I used to be some of my friends support system and also became their best ears. But here I am, still feeling alone and so unworthy yet I still wondering if I can still pretend that egerything was fine, till I can't. My biggest fear of sharing a story is that, dare I say, no one can really keep a secret, not even your mom. It will always leak somewhere. And I bet, no one can keep everything secret better than me. Wow, how arrogant I am saying this. But, that's how reality works, at least on me. 

And to make it even worse, I am someone who can get easily offended by people's words. And that's what just happened yesterday. My dad yelled at me all day long saying that I can't even handle everything right. Then last night my girl also mad at me because I didn't pick up her 15 missed calls caused by me got overslept. Well,  all of them was really my fault and that's what makes me even feel more unworthy and yet today I got a ticket from police for missed license plate on my bike. What a beautiful weekend, ey? 

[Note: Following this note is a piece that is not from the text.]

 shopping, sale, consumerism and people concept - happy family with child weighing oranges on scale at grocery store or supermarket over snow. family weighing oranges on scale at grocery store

Fortunately, my sanity still handles better than my ego which stopped me from any suicide plans, again. And ended by only cutting my arms like I always do. And if you trying to get me a psychiatric, just don't bother. I just simply won't go there, they just too expensive to reach and I have no insurance policy. 

Sometimes I wonder how people can get along with their dads while I can't. So fair, eh. And how people are having their support system while I'm just sitting here alone and having nobody else to share with. Well, no matter what, in the end I will be alone. At least I'm getting my self to get used to it from now on. 

I have so many siblings and then I think, if I die, my parents won't be mourning me so bad because they still have another kids beside me. And my friends will foreget me so easily because they just don't remember me that much. 

Well I don't care how broken my english is, I'm just in a mood of writing those shitty life of mine.